In the case of Miller v. Newell, 20 S. C. 123 [47 Am. Rep. 833, 840], we find the following statement: “Under this case the appeal was pending, and such being the case the rights of the parties had not been determined. The matter was still a chose in action arising on tort of a strictly personal character and therefore not assignable.”
Applying the principles of law announced in the authorities hereinbefore cited to the assignment of said judgment to the respondent, it must be concluded that said assignment, having been made pending an appeal from said judgment, was of no legal effect and passed to appellant no right to said judgment.
The judgment in favor of Hiroshima having become final by affirmance was subject to the execution of garnishment levied thereon after its affirmance. (4 Am. Jur., p. 688, sec. 212; Burke v. Hance, 76 Tex. 76 [13 S.W. 163, 18 Am.St.Rep. 28].) The case just cited holds that a judgment is subject to garnishment when all proceedings in the suit in which it was rendered, whether original or appellate, are at an end. [12 Cal.2d 715]
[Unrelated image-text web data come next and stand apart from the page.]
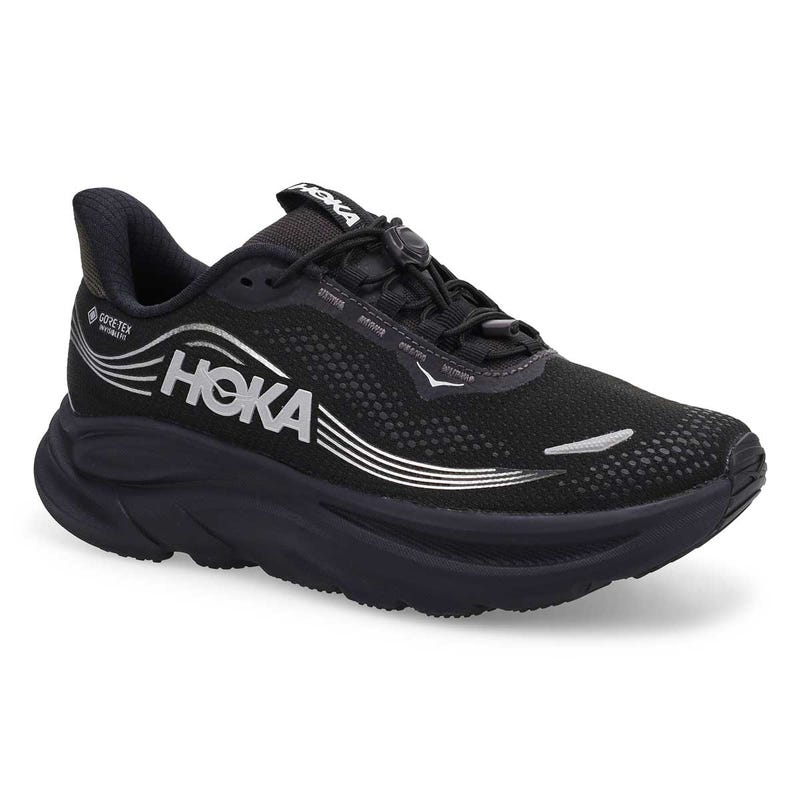 Women's  Clifton 11 GTX Performace Sneaker - Black/Black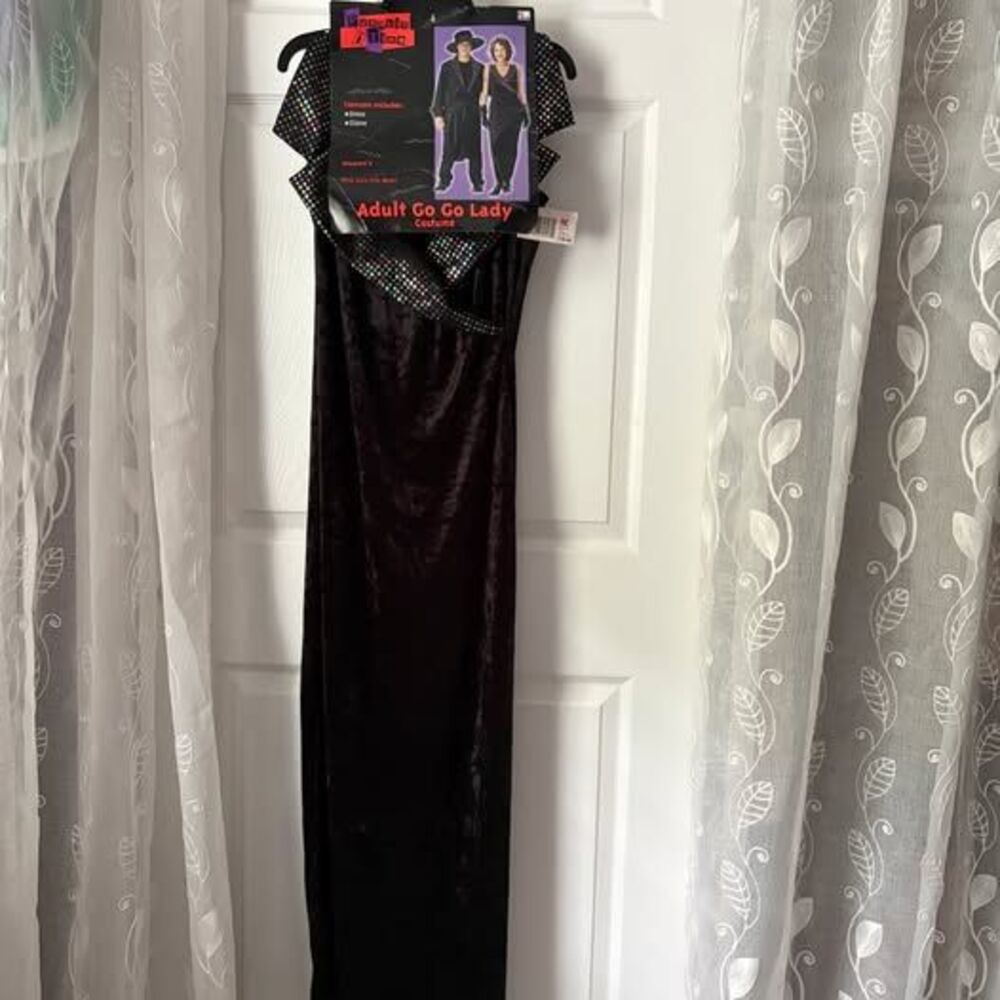 New Adult Go Go Lady Halloween Costume Dress Gloves Women Black One Size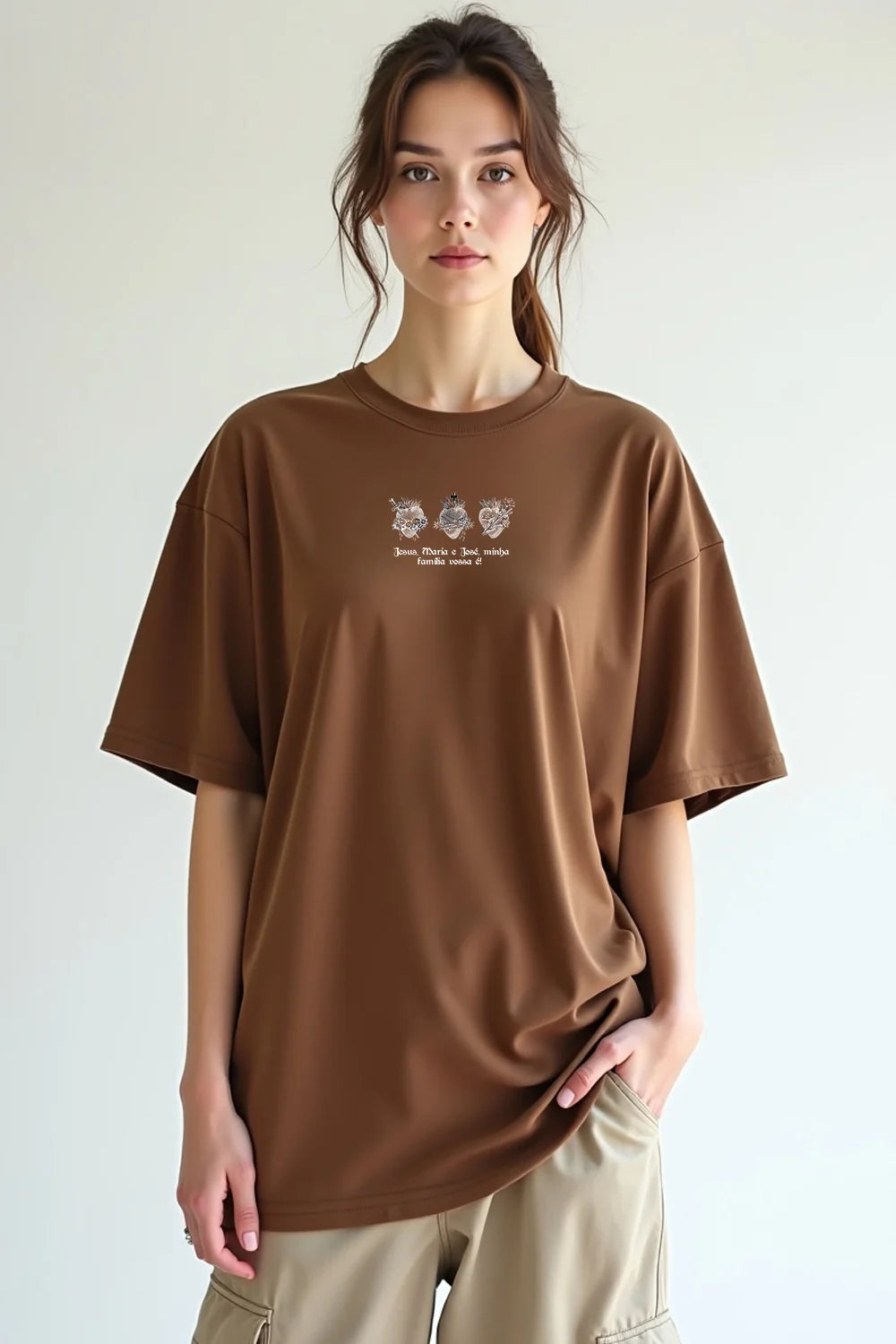 Camisa Oversized Sagrada Família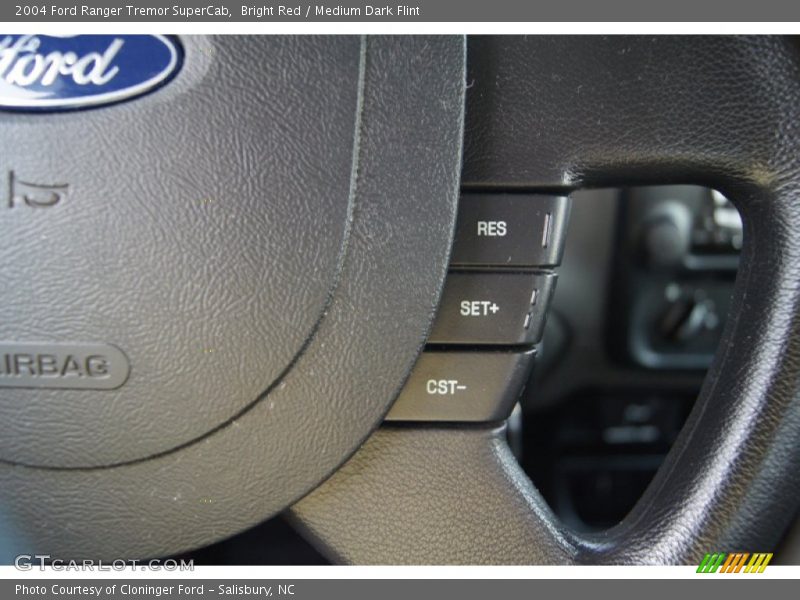 Controls of 2004 Ranger Tremor SuperCab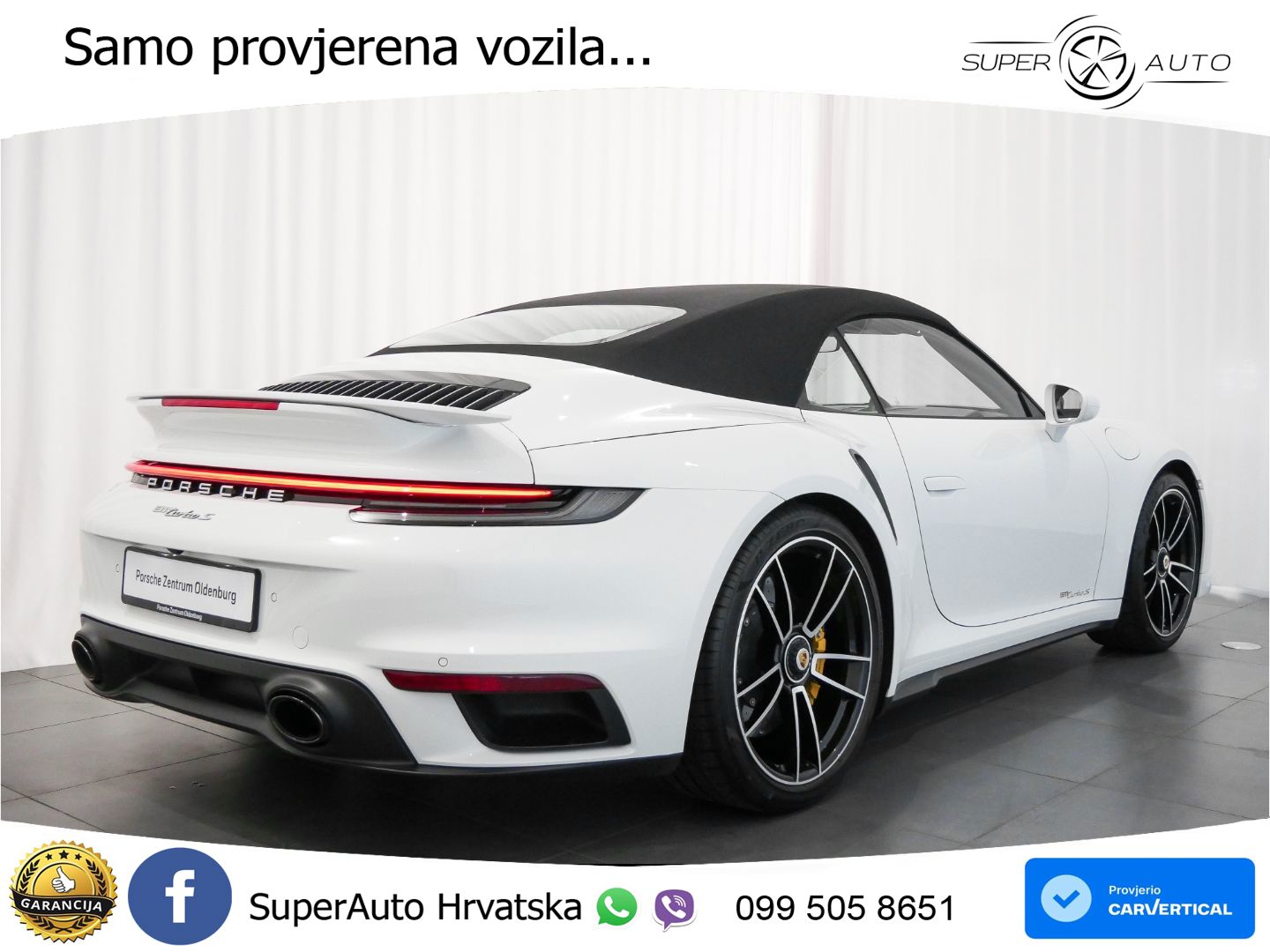 Porsche 911 Turbo S Cabriolet 3.8 (650 KS) PDK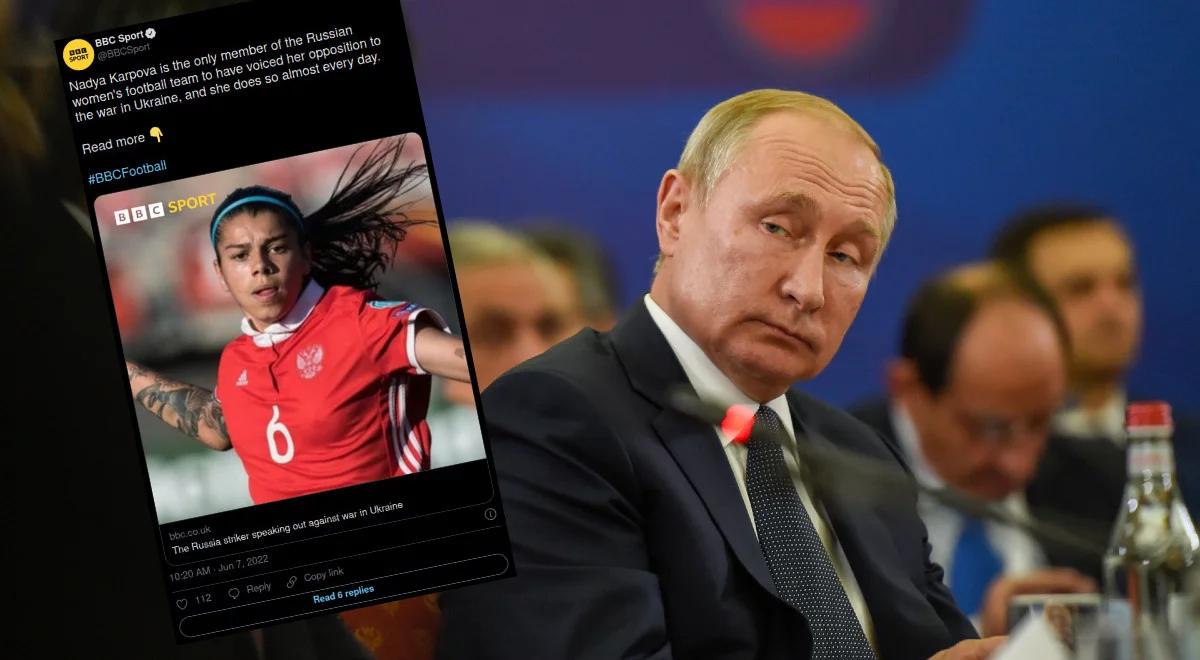 Rosyjska futbolistka w BBC: Putin zabrał nam przyszłość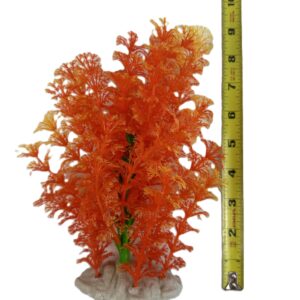 Gingerbread Pet Supply Vibrant Orange Plastic Aquatic Plant for Aquariums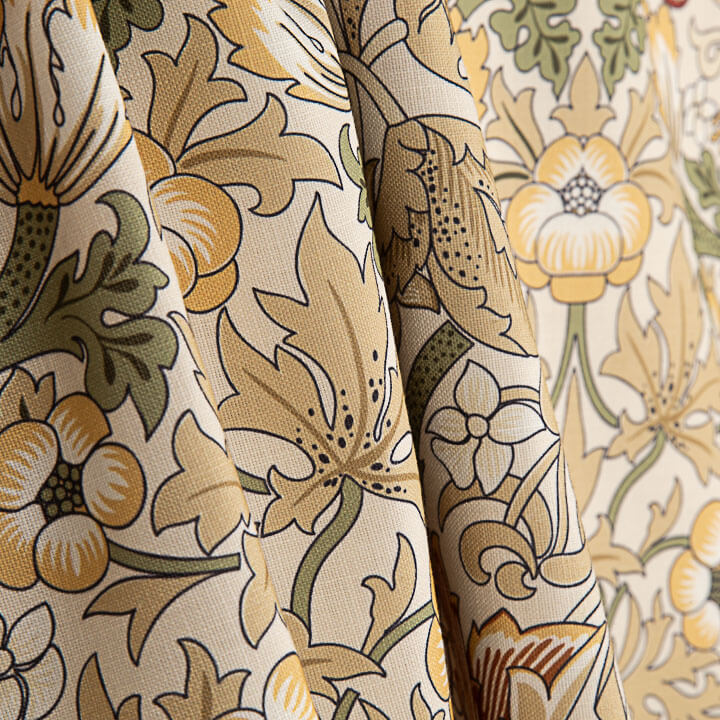 Canvas im Leinenstoff-Look „Vogelgarten“ in Beige - Ribes y Casals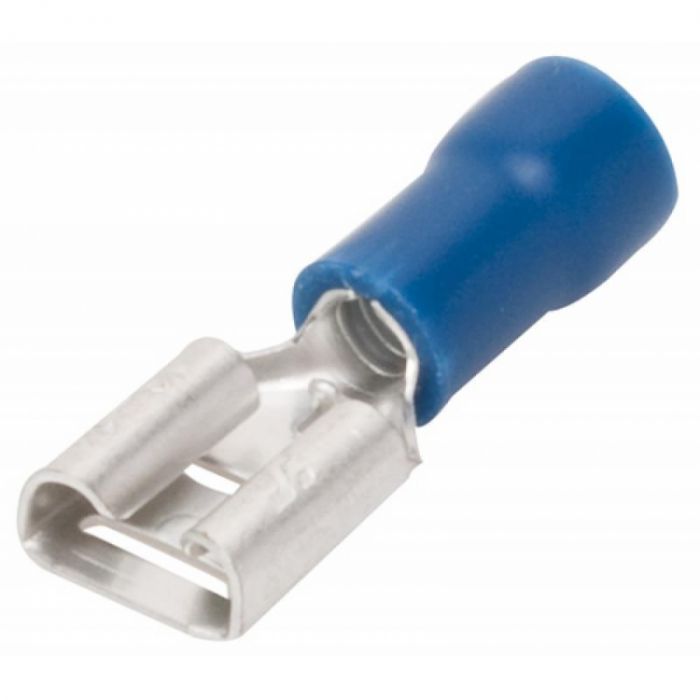 TERMINAL HEMBRA AZUL 3/16-TH3/16
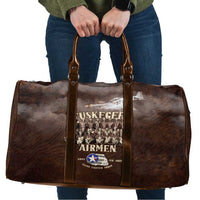 Remembering Tuskegee Airmen Travel Bag Heroes of the 332nd Squadron Retro Style - Wonder Print Shop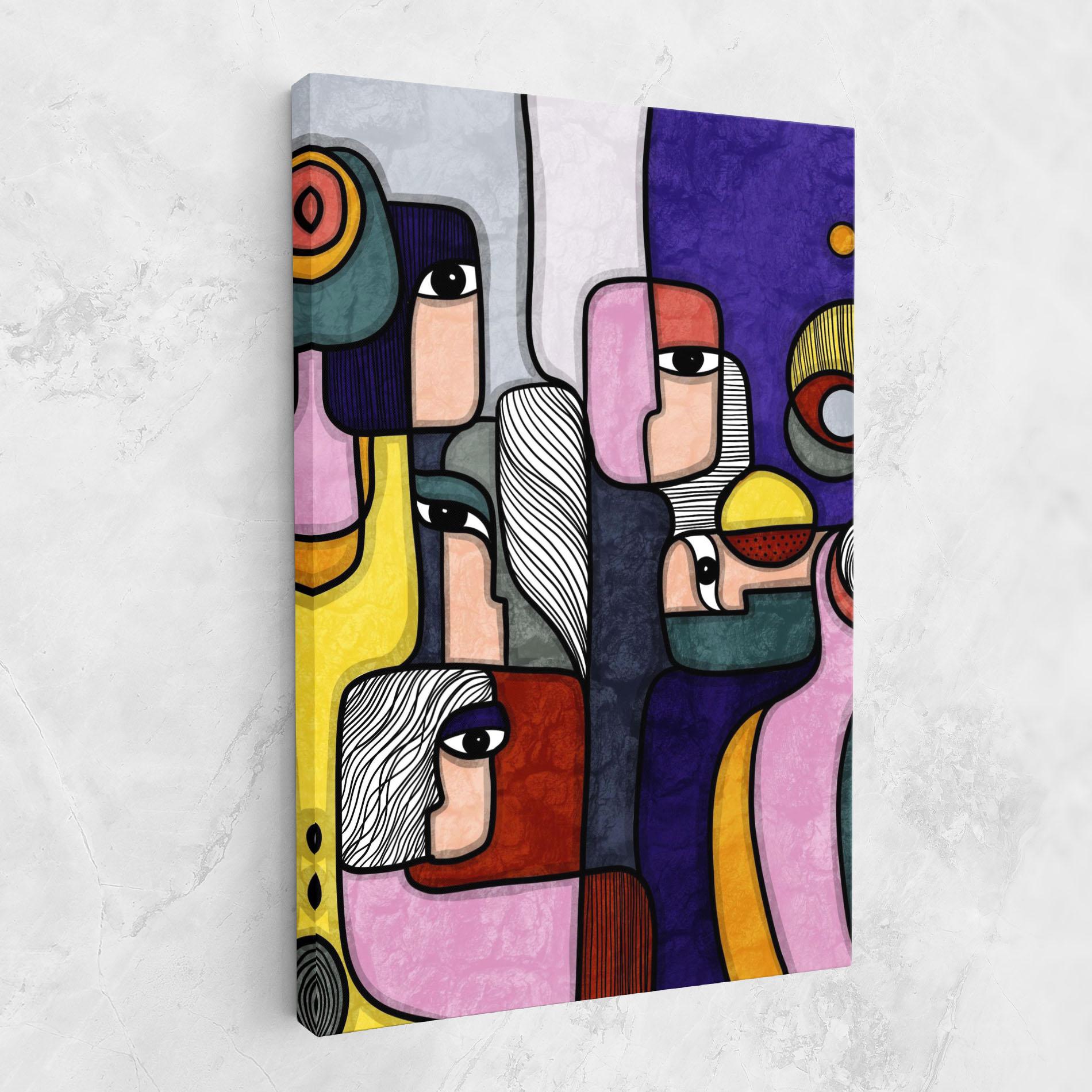 Tablou Canvas Abstract Looking Eyes mockup 1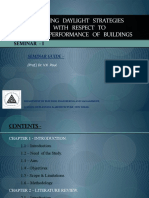 Optimizing Daylight Strategies With Respect To Thermal Performance of Buildings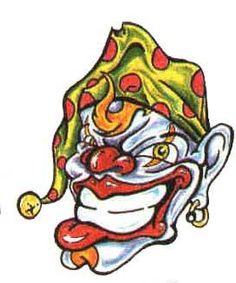 236x283 Best Clown Tattoo Drawings Images Clown Tattoo, Tattoo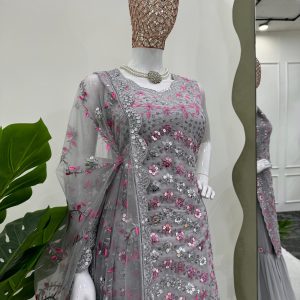 Designer Cocktail Sharara Set - Image 4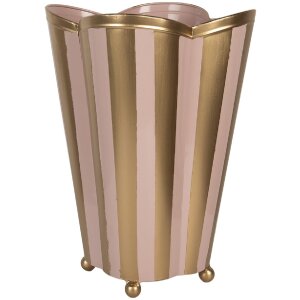 Clayre & Eef 6Y5951 Decoratieve Vaas 22x22x35 cm Roze Goud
 The judgment further made an allowance of $100 as attorney’s fee in favor of plaintiff for the institution of this interpleader action. It is well settled in this state that an allowance of an attorney’s fee in favor of a plaintiff in an interpleader action is improper and is without authority of law. (Los Angeles Trust & Sav. Bank v. Ward, 197 Cal. 103, 107 [239 P. 847]; Peterson v. Chorley, 103 Cal.App. 783, 787 [284 P. 956].)
The judgment is reversed.
Edmonds, J., Waste, C.J., Houser, J., and Shenk, J., concurred.